Question

Find the derivative of $y = \dfrac{{\ln 2x}}{{{e^{2x}} + 2}}$.

Answer 1

The given function is a fraction. So we can use quotient rules for finding derivatives. For that, we have to find the derivative of the numerator and denominator separately. Then substituting and simplifying we get the answer.

Formula used: Quotient rule for finding derivatives:
For a function $y = \dfrac{{f(x)}}{{g(x)}}$, $\dfrac{{dy}}{{dx}} = \dfrac{{g(x)f'(x) - f(x)g'(x)}}{{{{(g(x))}^2}}}$
Where $f'(x),g'(x)$ denotes the derivatives of the functions $f(x),g(x)$.
$\dfrac{{d(\ln x)}}{{dx}} = \dfrac{1}{x}$
$\dfrac{{d{e^x}}}{{dx}} = {e^x}$
Chain rule: To find the derivative of composite functions.
Let $y = f(g(x))$, $\dfrac{{dy}}{{dx}} = f'(x)g(x) \cdot g'(x)$

Complete step-by-step answer:
The given function is $y = \dfrac{{\ln 2x}}{{{e^{2x}} + 2}}$
We can see the function is the quotient of two functions $\ln 2x$ and ${e^{2x}} + 2$.
We need to find its derivative.
For a function, $y = \dfrac{{f(x)}}{{g(x)}}$, $\dfrac{{dy}}{{dx}} = \dfrac{{g(x)f'(x) - f(x)g'(x)}}{{{{(g(x))}^2}}}$ (quotient rule of derivatives)
Where $f'(x),g'(x)$ denotes the derivatives of the functions $f(x),g(x)$.
So here we have $f(x) = \ln 2x$ and $g(x) = {e^{2x}} + 2$.
For, $y = f(g(x))$, $\dfrac{{dy}}{{dx}} = f'(x)g(x) \cdot g'(x)$
So here we have,
$f'(x) = \dfrac{1}{{2x}} \times 2 = \dfrac{1}{x}$ and $g(x) = {e^{2x}} \times 2 = 2{e^{2x}}$
Since $\dfrac{{d(\ln x)}}{{dx}} = \dfrac{1}{x}$ and $\dfrac{{d{e^x}}}{{dx}} = {e^x}$
Substituting we have,
$\dfrac{{dy}}{{dx}} = \dfrac{{({e^{2x}} + 2) \times \dfrac{1}{x} - (\ln 2x) \times 2{e^{2x}}}}{{{{({e^{2x}} + 2)}^2}}}$
$\Rightarrow \dfrac{{dy}}{{dx}} = \dfrac{{\dfrac{{{e^{2x}}}}{x} + \dfrac{2}{x} - 2{e^{2x}}\ln 2x}}{{{{({e^{2x}} + 2)}^2}}}$

Therefore, derivative of the given function is $\dfrac{{\dfrac{{{e^{2x}}}}{x} + \dfrac{2}{x} - 2{e^{2x}}\ln 2x}}{{{{({e^{2x}} + 2)}^2}}}$.

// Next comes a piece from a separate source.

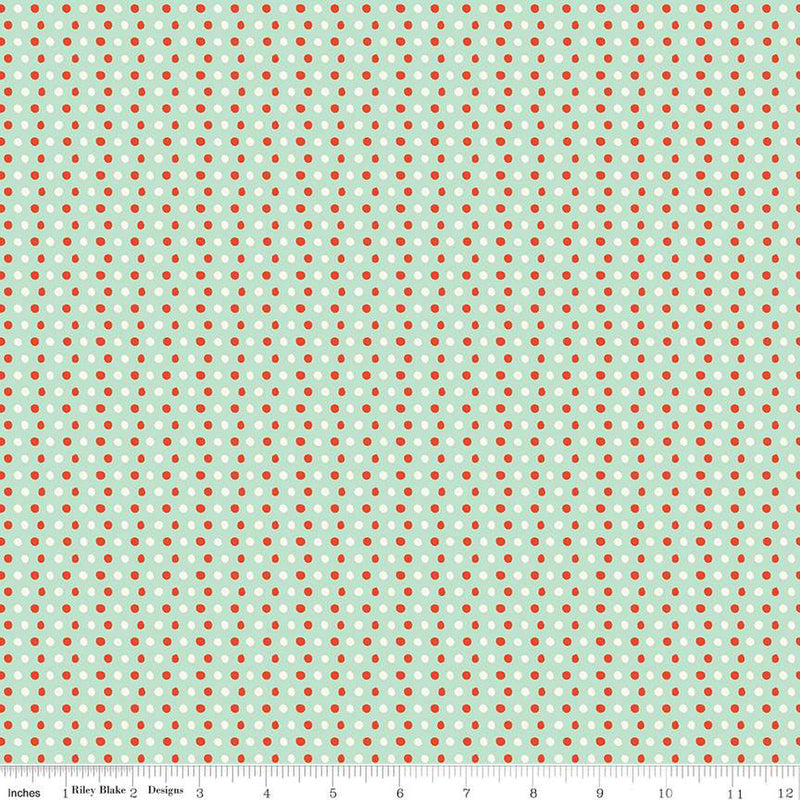 Holiday Cheer C13616-MINT Dots by My Mind's Eye for Riley Blake Designs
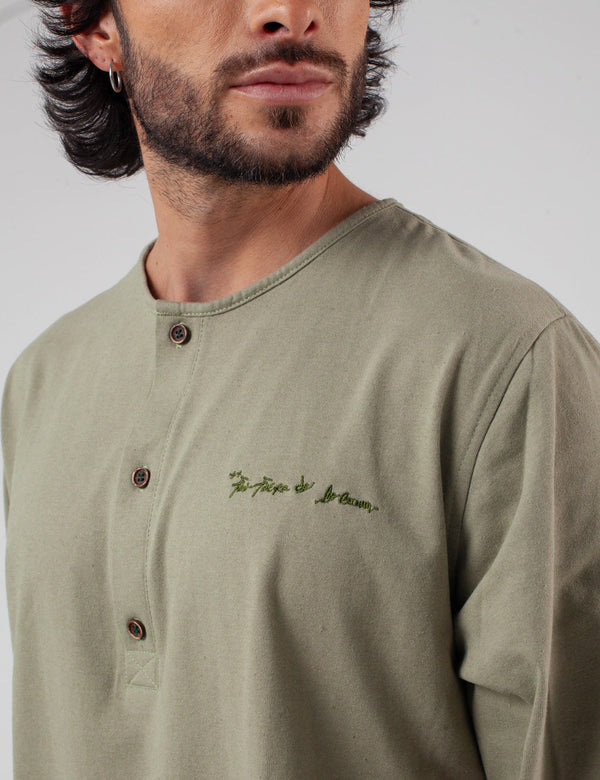 Men's Pistachio Green Khat Sport Collar Long Sleeve Shirt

Note: Like the quotient rule, we have other rules for finding the derivative.
(i) Product rule: To find the derivative of a product of two functions $f(x)$ and $g(x)$
Let $y = f(x)g(x)$, $\dfrac{{dy}}{{dx}} = f(x)g'(x) + g(x)f'(x)$
(ii) Chain rule: To find the derivative of composite functions.
Let $y = f(g(x))$, $\dfrac{{dy}}{{dx}} = f'(x)g(x) \cdot g'(x)$
$\ln x$ represents the natural logarithm or logarithm to the base of the mathematical constant $e$. If considered as a real valued function, it is the inverse function of the exponential function.